At the outset, it is axiomatic that in resolving issues of legislative interpretation it is the court’s obligation to implement the legislative intent as it understands it and that in seeking to determine legislative intent it must give appropriate consideration to the actual verbiage of the enactment, the public policy sought to be advanced thereby and whatever extrinsic aids may be available. See, e. g., New Jersey Builders, Owners & Managers Ass’n v. Blair, 60 N.J. 330, 338-339 (1972). Addressing ourselves, first, to the statutory language, we are impressed by the fact that had the Legislature intended to limit inclusion in the Class I preference to those in residence on the appointment date, it could easily have done so in unambiguous terms. What it chose to do, however, was to construct its preference scheme on the basis of pre-appointment classification of qualified applicants for the position and then to permit the municipality to make its appointments in accordance with the classification of applicants already made. We infer from this scheme that the Legislature intended that the class be fixed as of the date of the making of the classification, thus rendering a subsequent change of residence inconsequential vis-a-vis the right to remain in the class.

It does not appear to us, despite the city’s contrary claim, that this reading of the statute contravenes the legislative purpose of the enactment. The Legislature, as we have noted, has expressly mandated that once a local police officer has been appointed to the police force, he is under no compulsion to remain in residence in the community he serves. What the Legislature *563has thus done is to permit a municipality to give appointment preference to those who have a residential nexus with it before active service as a police officer is commenced. We appreciate the municipal interest in preferring that there be such a nexus. We do not, however, perceive any material difference in respect of that interest whether that nexus is fixed as of the actual appointment date or as of the necessarily earlier date on which the potential appointee has been classified as a duly qualified and resident applicant.

We are, moreover, persuaded that the Commission’s interpretation of the statute, and particularly subsection (c) thereof, above quoted, which is within the Commission’s administrative and enforcement authority, is entitled to considerable deference from us. See, e. g., Peper v. Princeton Univ. Board of Trustees, 77 N.J. 55, 69-70 (1979); In re Saddle River Application, 71 N.J. 14, 24 (1976). As the determinations of both the Director and the Commission make clear, an applicant is regarded by the Department as duly qualified and eligible for Class I preference if he is otherwise qualified and meets the residency requirement for preference as of the date of the closing of the examination. If he sits for the examination as a member of that Class, he will be routinely certified on the list of eligibles if his examination performance otherwise warrants, and his name may not be removed from that list by reason of a subsequent but pre-appointment change of residency.

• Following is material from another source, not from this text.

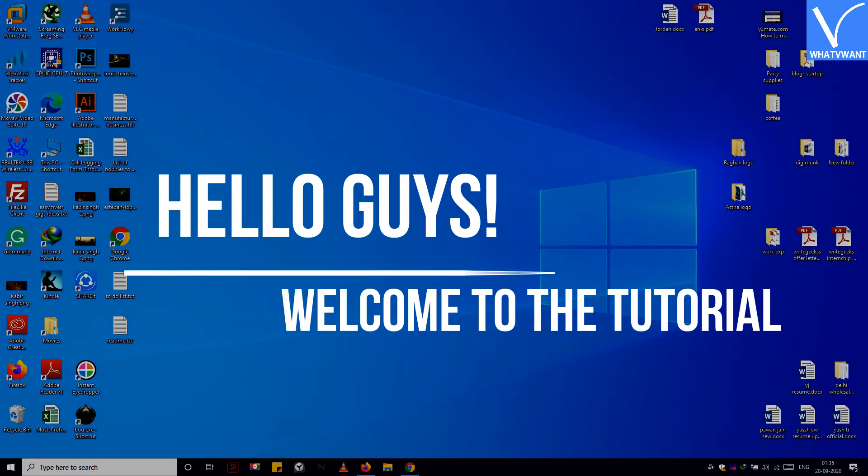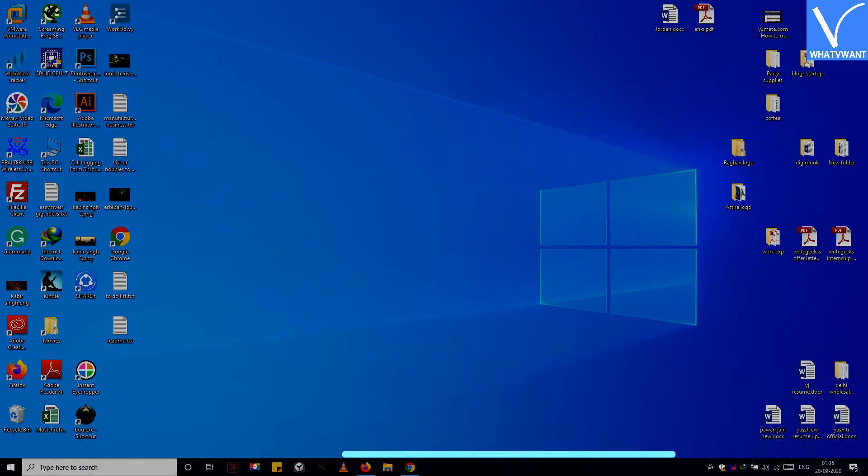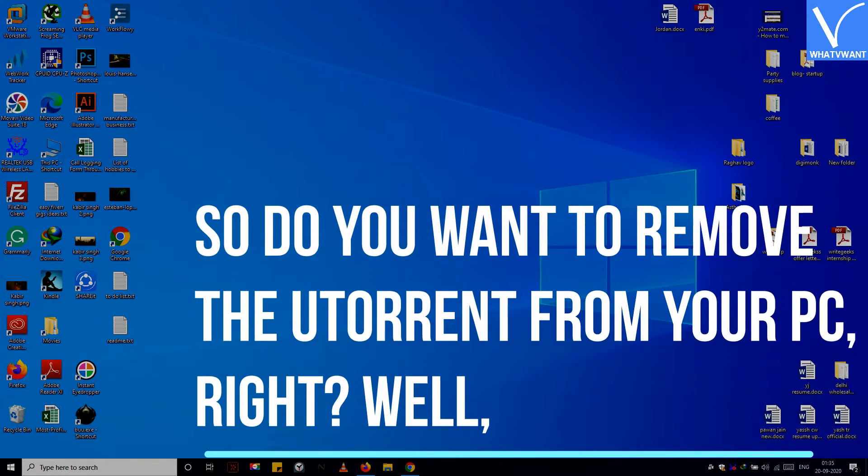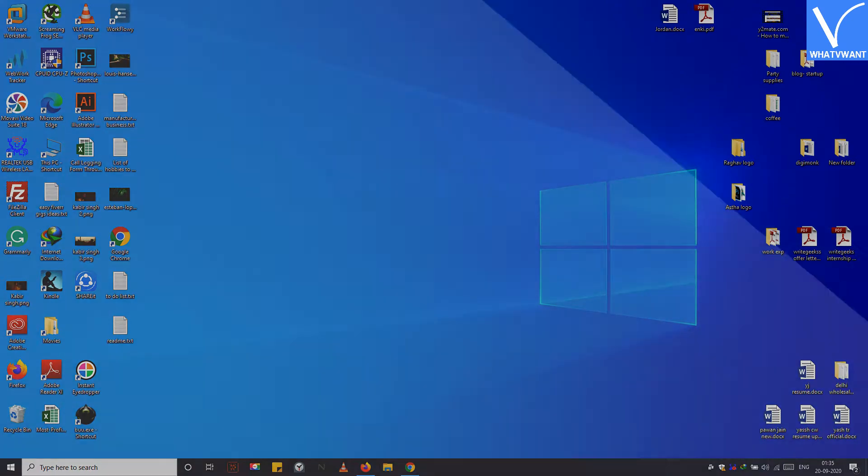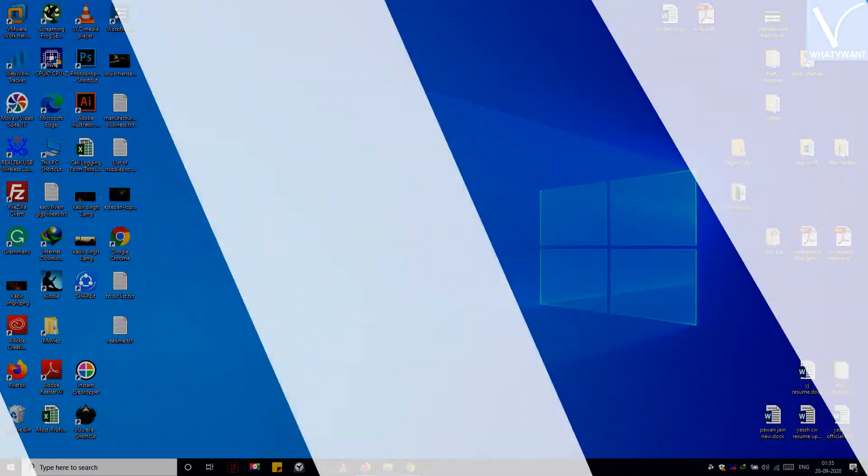Hello guys, welcome to the tutorial. So do you want to remove uTorrent from your PC, right? Well, follow me.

The Commission clearly views this procedure, which it has derived from its interpretation of the statute, as best calculated to serve the legislative intent, the municipal interest in retaining some degree of pre-service residential nexus and its own interest in a certain, impartial and administratively convenient method of compliance with the responsibilities reposed in it by the statute. We see nothing in the legislative verbiage, history or policy of this statute which would compel us to conclude otherwise.

The determination of the Civil Service Commission is affirmed.